The restaurant screened U.S. presidential election results in 2016.

In her 2021 overview of "Where to Eat and Drink on Alberta", Eater Portlands Brooke Jackson-Glidden wrote, "This cozy, laid-back bar is the place to be for Old Alberta swagger and a rotating menu of 21 draughts. The covered outdoor patio is a primo spot to kill a few hours, and the Alberta Street Pub is one of the few venues actually hosting shows on its socially distanced patio." During the COVID-19 pandemic, the bar offered limited indoor seating, as of April 2021. Eater Portlands Jenni Moore said in 2021:
Previously known as Love Train and then Alberta Street Public House, Alberta Street Pub has been a stalwart for food and brews for 30 years. After hosting musicians on the patio for months, the bar and venue welcomed artists and audiences back into the show room in July.
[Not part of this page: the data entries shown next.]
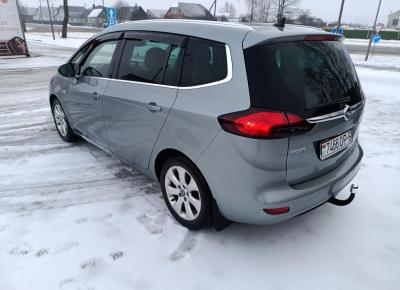 Фото Opel Zafira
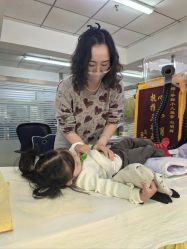 -季群小儿推拿(圣克拉店)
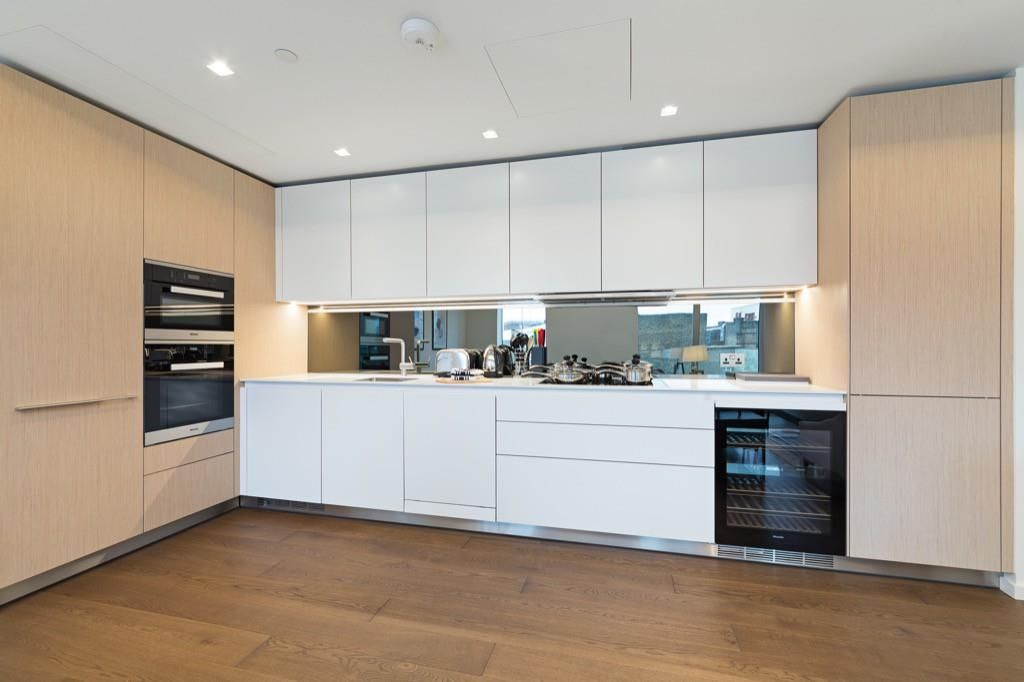 Property photo 2 of 9 Kitchen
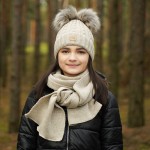 Zimný dievčenský komplet s dvoma brmbolcami Kika - čierny Zimný dievčenský komplet s dvoma brmbolcami Kika - čierny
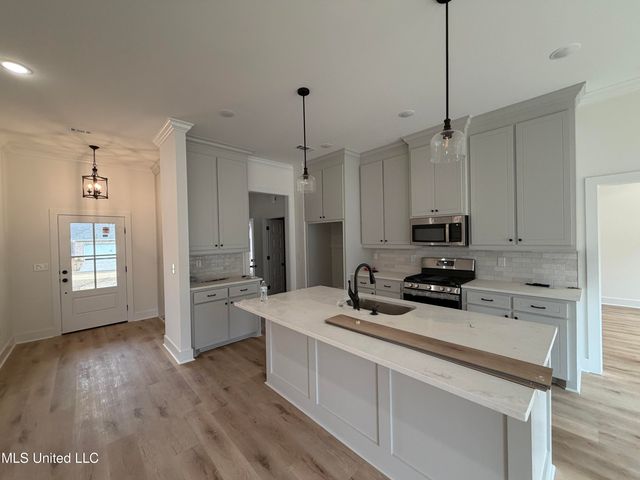 204 Anderson Oaks Drive, Pearl, MS 39208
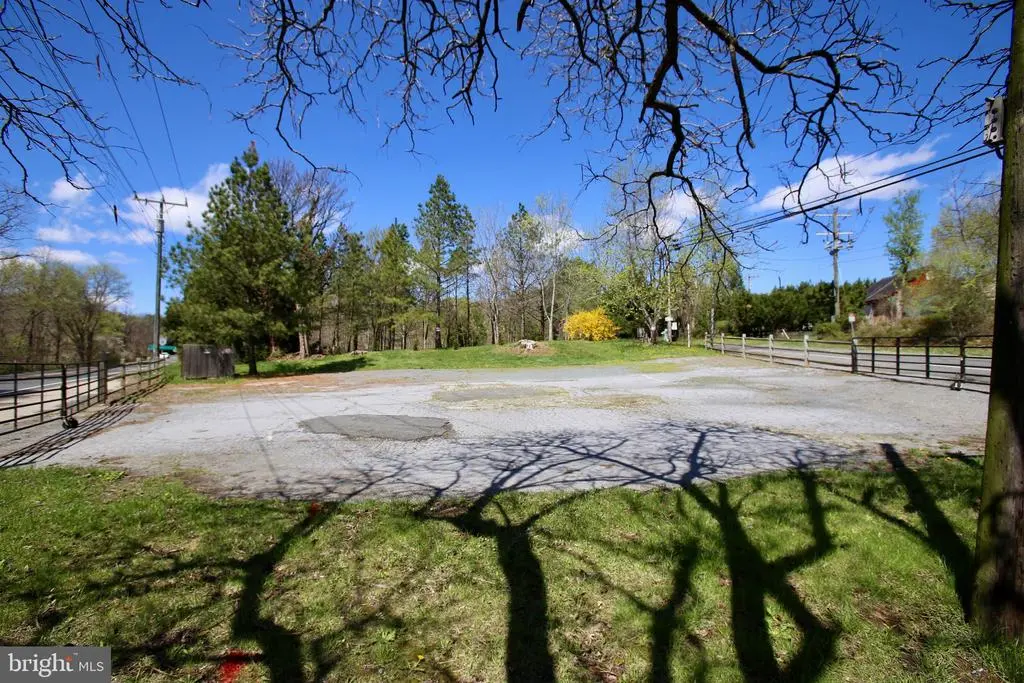 35972 Charles Town Pike, HILLSBORO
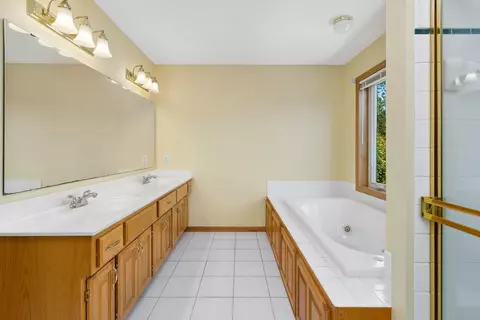 3888 N Ridge Dr, Eagan, MN 55123 photo 20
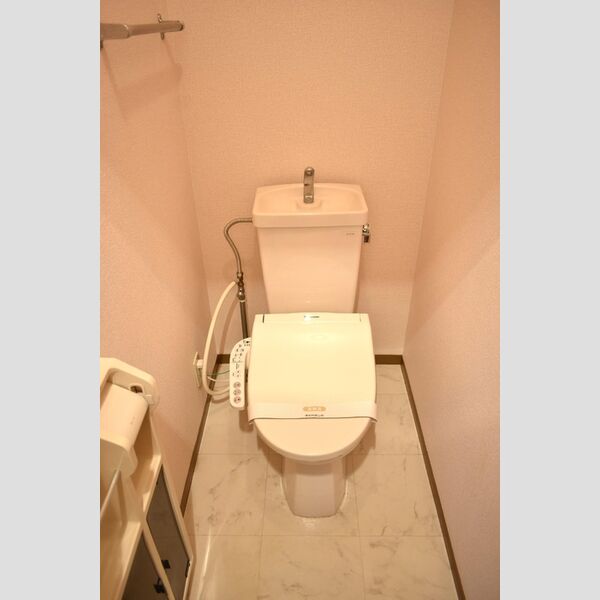 ヴァレンサ氷川　A/B 温水洗浄暖房便座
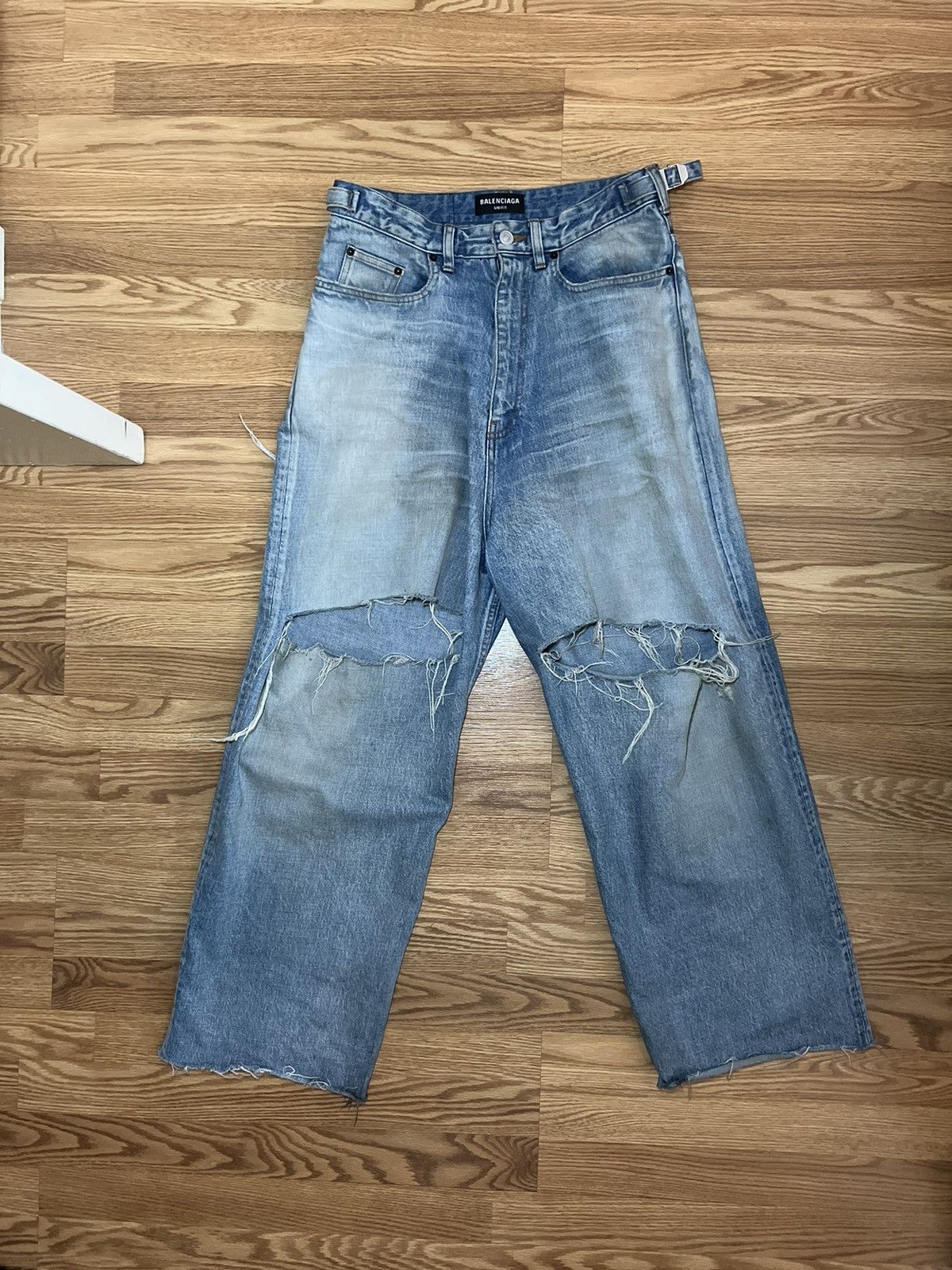 Balenciaga Baggy Destroyed Skater Jeans SS22 Washed Denim | Grailed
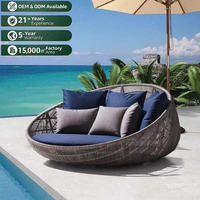 Canapé-lit métallique d'extérieur pour terrasse/balcon, lit de style métallique pour cour/jardin/piscine, chaise longue de détente pour maisons d'hôtes, design nordique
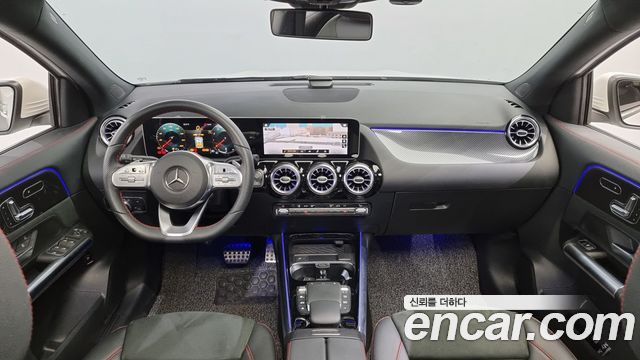 Mercedes-Benz GLA-Class — interior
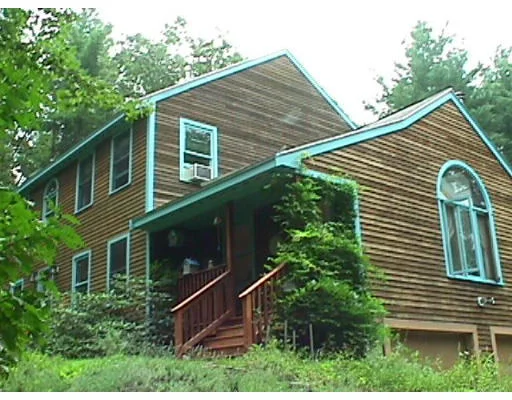 Unit for sale at 72 Elm St, Georgetown, MA 01833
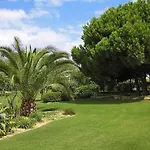 Sunny Al-sakia, Quarteira, Vilamoura Apartment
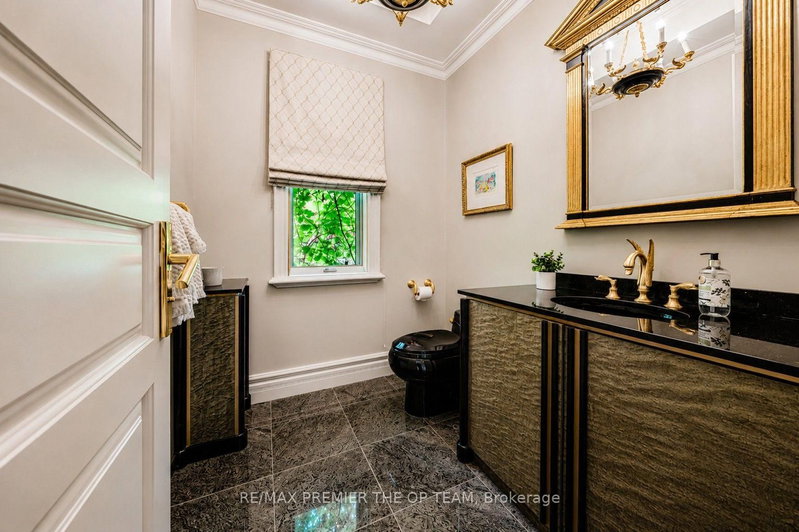 43 Cowan Dr photo 4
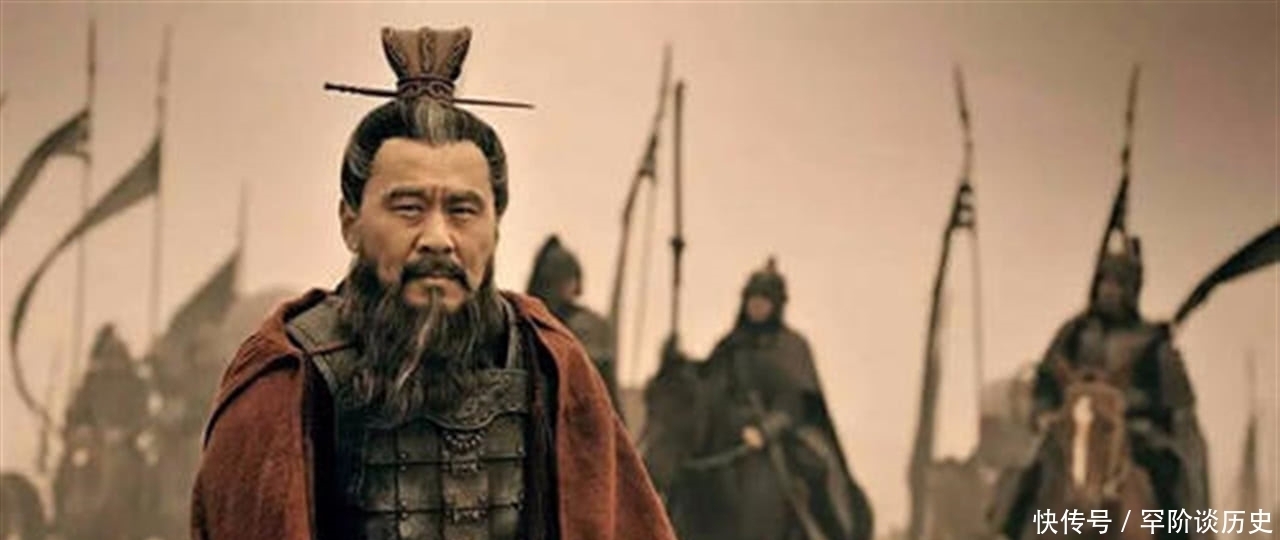 曹操|曹操杀吕布时,为什么先绞死再枭首?这不是多此一举吗?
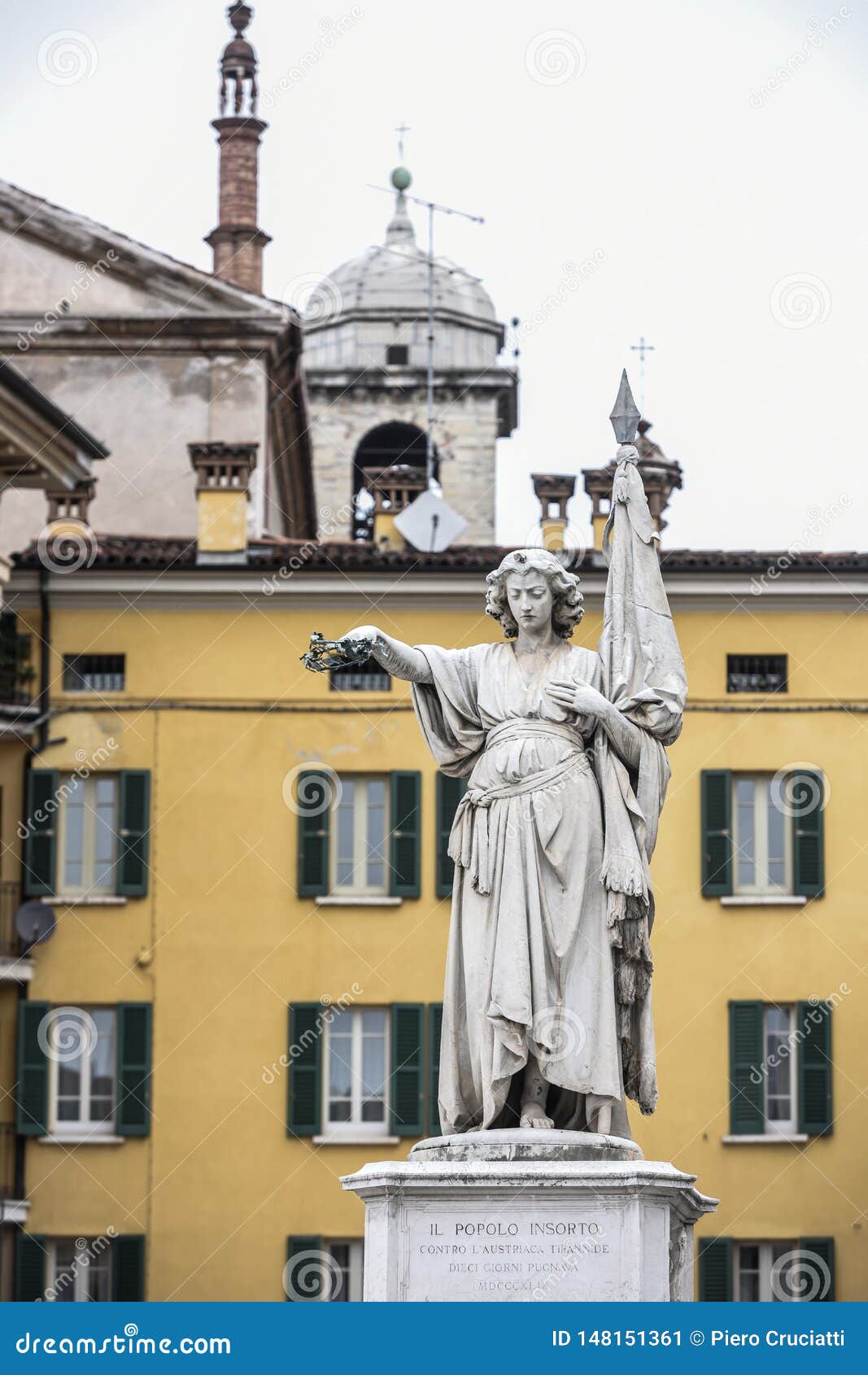 the monumento alla bella italia in piazzetta della liberta in brescia, italy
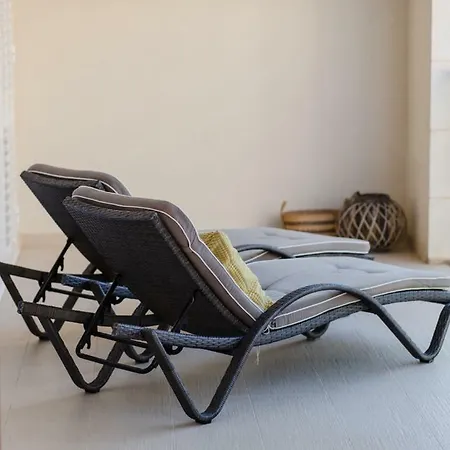 Luxury At The شقة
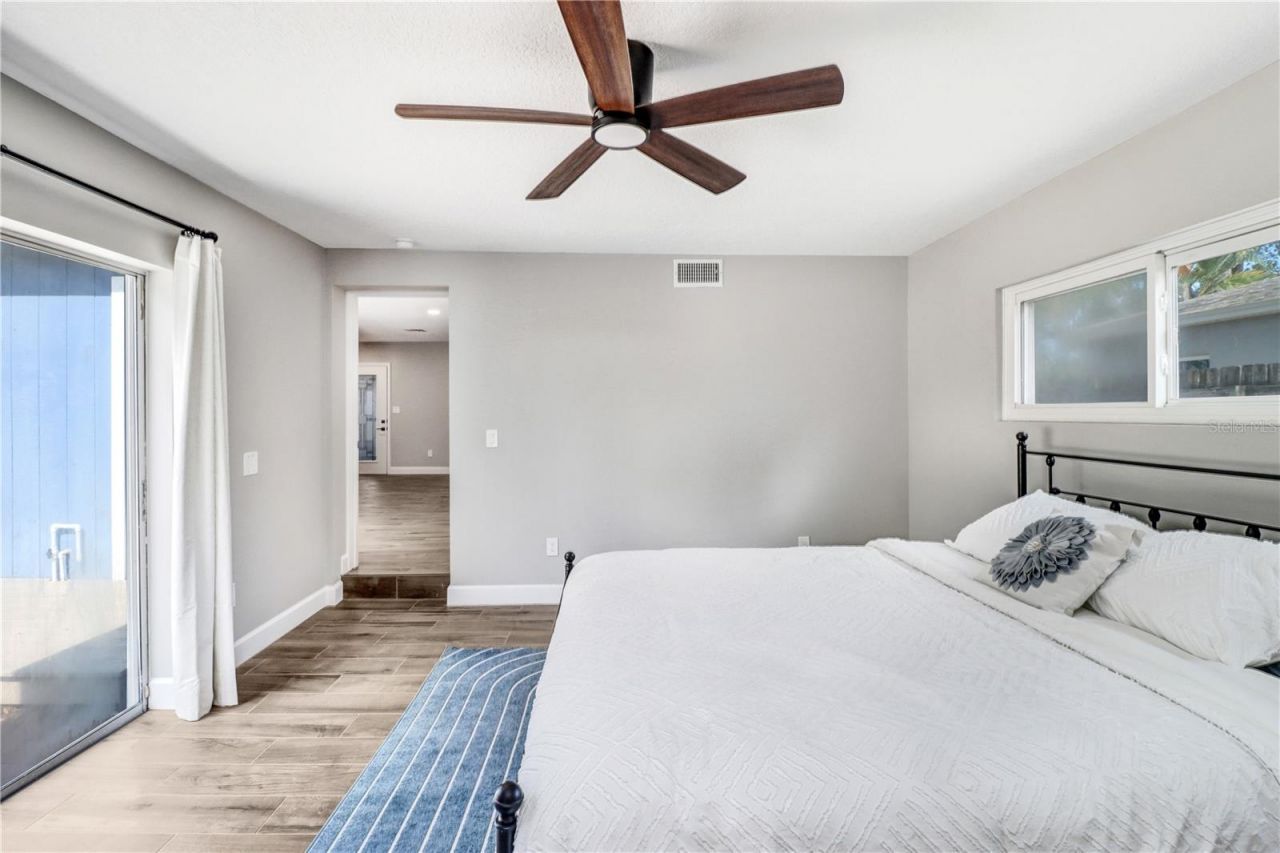 4018 S West Shore Boulevard, Tampa, FL 33611 Photo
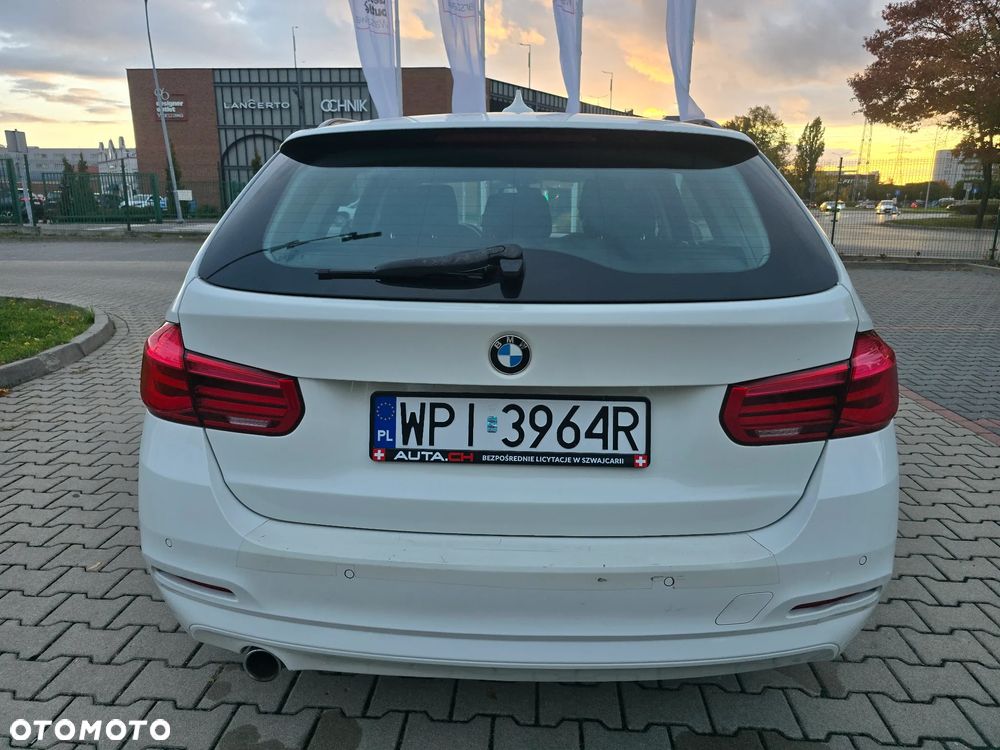 BMW Seria 3 - 23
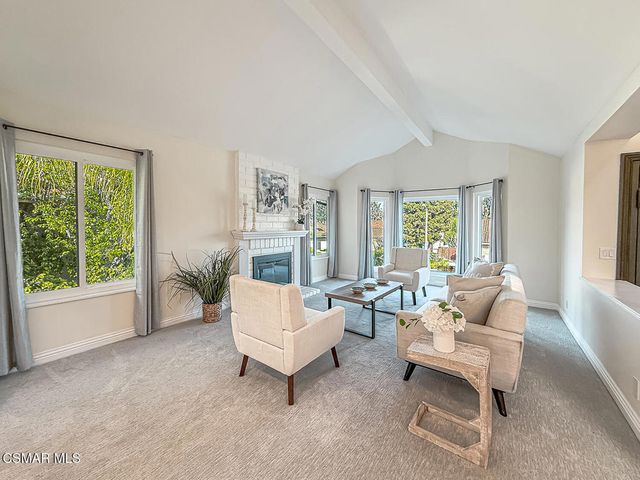 325 Cherry Hills Court, Newbury Park, CA 91320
Portland R&B singer Rich Hunter, rock-and-soul musician Redray Frazier, and drummer Tyrone Hendrix often make appearances, and the venue has regularly recurring themed nights, like the Sunday Pocket and Hump Day Cabaret. In addition to hosting live local music in a small venue space, the pub boasts a great patio, 21 rotating taps, craft cocktails, and a menu of crispy fried catfish, fried pickles, pulled BBQ jackfruit sandwiches, and more.